Small TNF Fires Quickly Extinguished Amid Slower Start to Fire Season

August 8, 2022


USFS "hotshots" in action against the Boca Fire on Sunday, August 1.
Photo courtesy of the TNF

Quick action by firefighters helped keep two recent small fires-the Austin Fire and Boca Fire- from spreading further in the Tahoe National Forest (TNF) near Jackson Meadows and Boca Reservoir.

Sparked by lightning on July 30, the Austin Fire burned in "heavy dead and down slash with some single tree torching" one mile southwest of Jackson Meadows in USFS' Sierraville Ranger District, just south of the Sierra County line in Nevada County.
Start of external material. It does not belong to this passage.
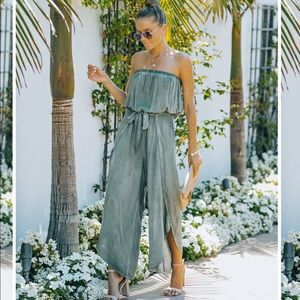 Strapless, wrap, jumper . Olive color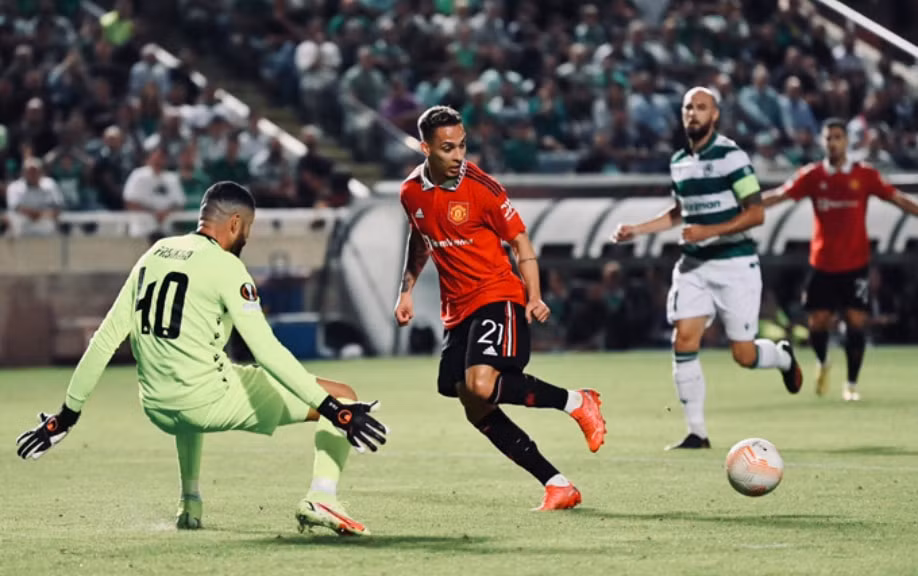 man united danh bai omonia 3 2 tai bang e europa league hinh 2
According to a TNF Facebook posting, the Austin Fire was held to three-quarters of an acre by USFS firefighters on the ground, including those with TNF Sierraville Engine 361 and TNF Truckee Engine 371, supported by helicopter-bucket aerial resources. In the posting, TNF thanked the caller on Grouse Ridge who called 911 to report the fire and thanked the public for maintaining their distance from fire suppression equipment-also expressing gratitude that no personal drones were flown that would have halted aerial firefighting operations.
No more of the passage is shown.